Generates the following prompt:
Prompt for S01_Maurizio connected via CIV to CIV03 in SQL mode >
Under Cygwin, Unix and Linux (and probably under Windows too using ANSI.SYS driver - not tested), you can use standard ANSI escape color codes.
Example
set prompt "\^A^[[01;32m\^A%U@%D^A\^[[01;34m^A[%S]\^A^[[00m\ ^A (%T) %M> "
Where:
-
^A is a real Control-A (ASCII 001 and 002) before and after each color code sequence.
-
^[ is a real Escape Character. The meaning of the ANSI color codes are:
^[[01;32m —> green
^[[01;34m —> blue
^[[00m —> reset.
Example Prompt
9. Appendixes
9.1. A. Troubleshooting
-
odb uses Condition Variables to synchronize threads during copy and parallel load operations.
-
Most of the memory allocation operations are dynamic. For example, you can execute an SQL command as long as you want. However, you can hard code limits as follows:
#define MAX_VNLEN 32 /* Max variable name length */ #define MAXCOL_LEN 128 /* Max column name length */ #define MAXOBJ_LEN 128 /* Max catalog/schema/table name length */ #define MAX_CLV 64 /* Max command line variables (-var) */
-
Some Linux/UNIX systems (notably the Linux Loader) have huge default stack size. Due to this extremely large value, you can have errors like this when starting tens/hundreds of threads:
Error starting cmd thread #: cannot allocate memory
If you get this error, then check your default stack size:
$ ulimit -a core file size (blocks, -c) 0 data seg size (kbytes, -d) unlimited max nice (-e) 0 file size (blocks, -f) unlimited pending signals (-i) 137215 max locked memory (kbytes, -l) 32 max memory size (kbytes, -m) unlimited open files (-n) 65536 pipe size (512 bytes, -p) 8 POSIX message queues (bytes, -q) 819200 max rt priority (-r) 0 stack size (kbytes, -s) 204800 cpu time (seconds, -t) unlimited max user processes (-u) 2047 virtual memory (kbytes, -v) unlimited file locks (-x) unlimited
In the example above, the
stack size
value is the problem. Reset it to a reasonable value. (The value will be reset to the initial value when you start a new session).Example
$ ulimit -s 4096
-
If you get errors such as:
C:\Users\felici> odb64luo -u xx -p yy -d oraxe -l src=region.tbl.gz:tgt=region:fs=^|:truncate odb [2012-10-11 13:27:22]: starting ODBC connection(s)... 0 [0] odb(5020) - [Oracle][ODBC]Optional feature not implemented. (State: HYC00 Native Err: 0)
Try adding
-nocatnull
to your command line. When the back-end database doesn’t use catalogs, then you should use an empty string as catalog name.Some flawed ODBC Drivers unfortunately want NULL here — instead of empty strings as it should be. -
You can have errors loading
TIME(N)
fields with` N>0` under Trafodion because the ODBC Driver does not manage the field display size whenN>0
. -
If you have problems starting odb on Unix/Linux check:
-
The shared library dependencies with
ldd <odb_executable_name>
. -
The shared lib path defined in the following environment variables used by the shared library loader:
-
Linux:
LD_LIBRARY_PATH
-
IBM IAX:
LIBPATH
(not currently supported) -
HP/UX:
SHLIB_PATH
(not currently supported)
-
-
9.2. B. Develop and Test odb
9.2.1. Develop
odb is coded in "ANSI C" (K&R programming style) and is compiled in a 64-bit version on the Linux platform, linked to the unixODBC driver manager. Other platforms, compilers, and ODBC libraries have not yet been tested.
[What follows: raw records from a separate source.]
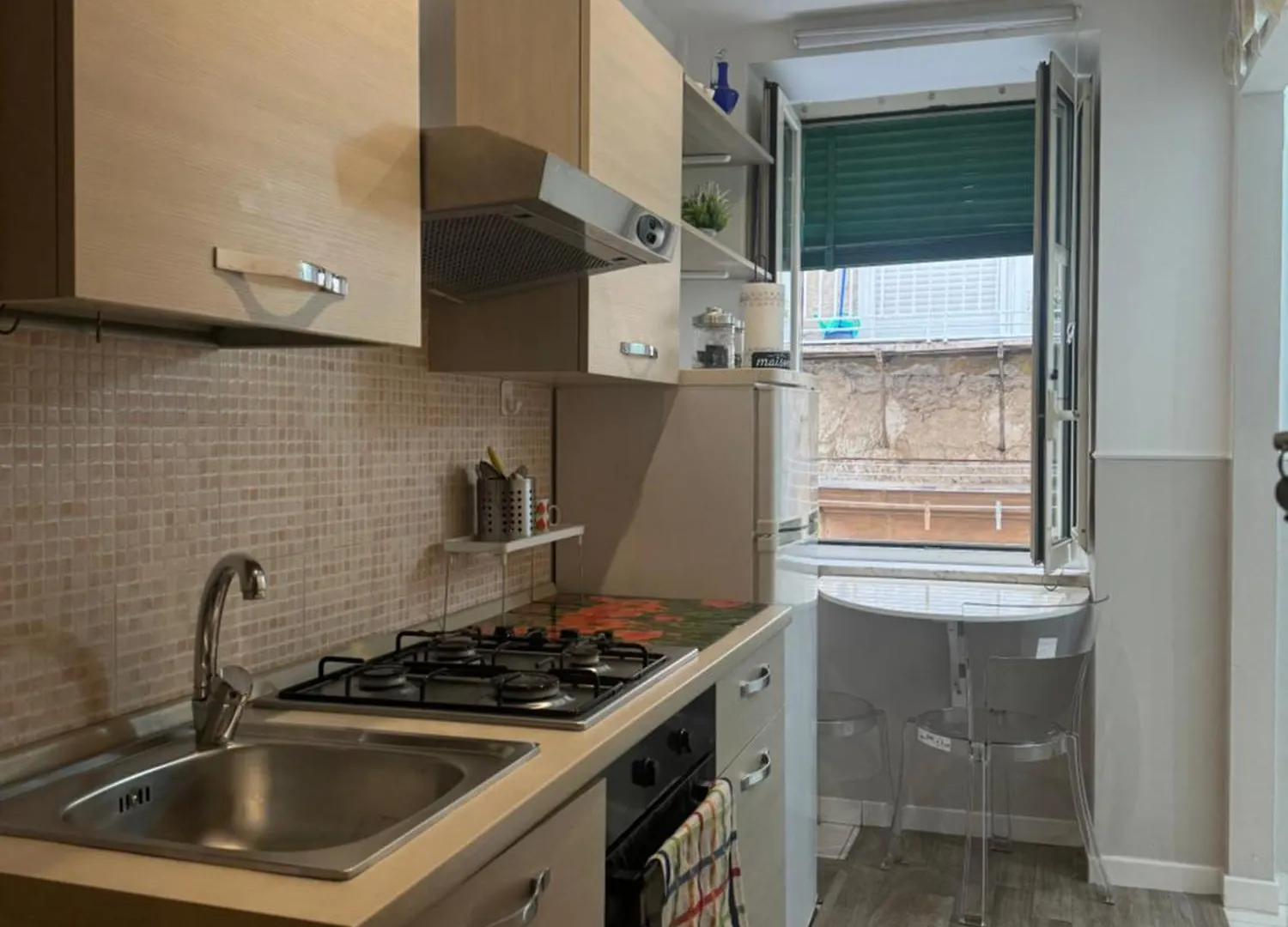 Chez Moi Napoli Apartment Italy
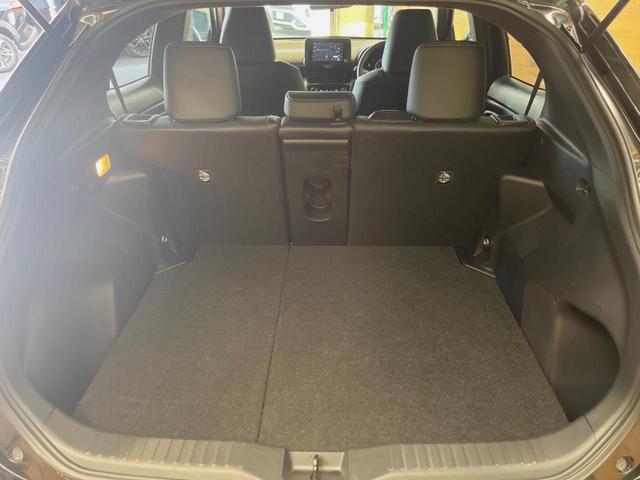 ヤリスクロス Z 9インチディスプレイオーディオ 全周囲カメラ レーダークルーズ 禁煙車 シートヒーター パワーシート ブラインドスポットモニター ETC クリアランスソナー LEDヘッド 車線逸脱警報(11枚目)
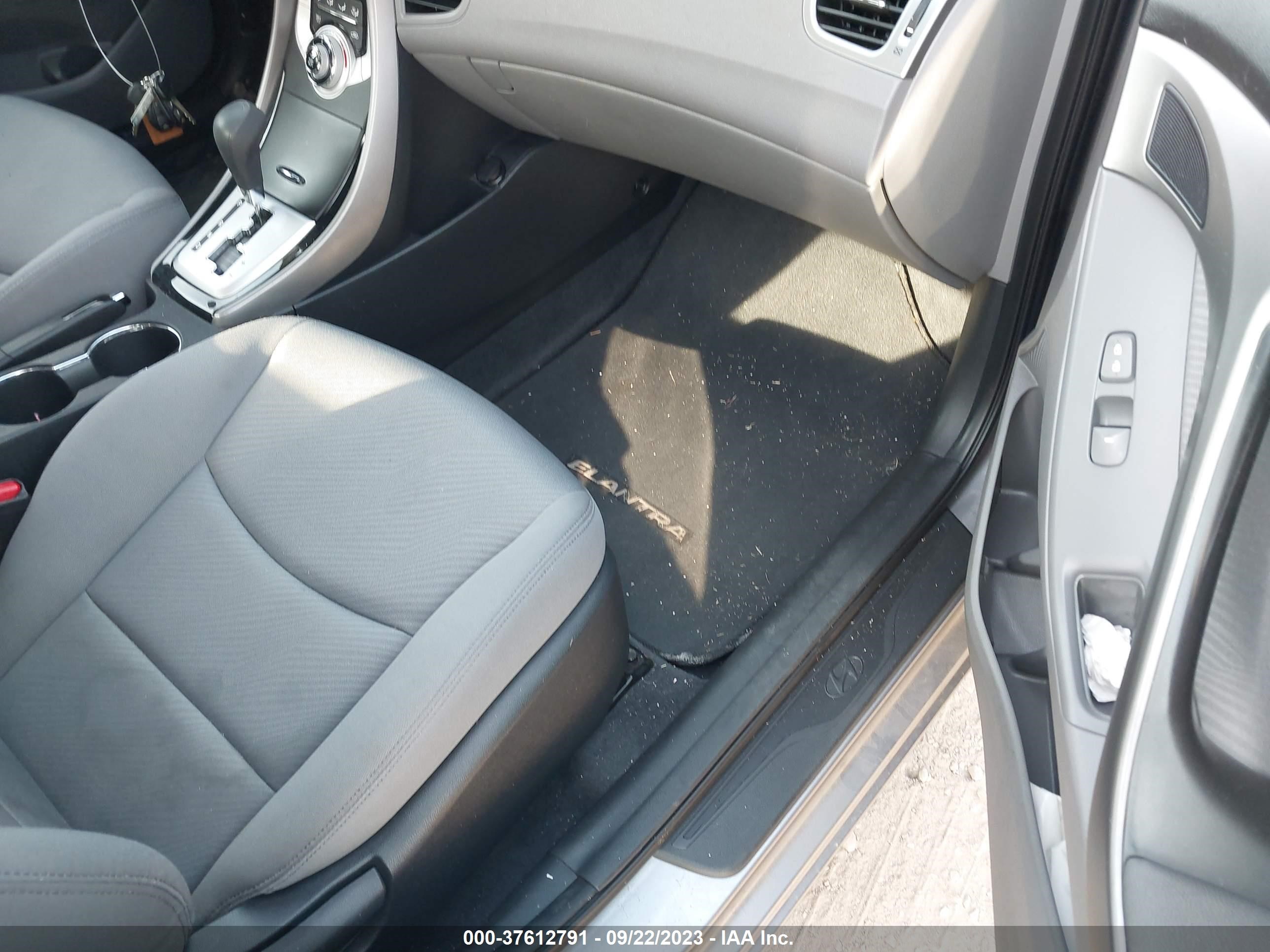 Photo 4 VIN: KMHDH4AE7CU272713 - HYUNDAI ELANTRA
Platform | Compiler | ODBC Libraries | Note |
---|---|---|---|
Linux |
gcc |
unixODBC (supported), iODBC (not currently supported), Data Direct (not currently supported), Teradata (not currently supported) |
64 bit (32 bit is not currently supported) |
MS-Windows |
Visual Studio (not tested) |
MS-Windows (not tested) |
64 bit |
C compilers are set with “all warnings” enabled and odb has to compile, on each platform, with no errors (of course) AND no warnings. Tools used to code odb:
-
vim (http://www.vim.org) as editor (or Visual Studio embedded editor)
-
splint (http://www.splint.org) to statically check the source code
9.2.2. Test
The info, load, extract, and copy operations of odb have been fully tested. In addition, odb had been tested using a set of 137 standard tests to check functionalities and identify memory/thread issues.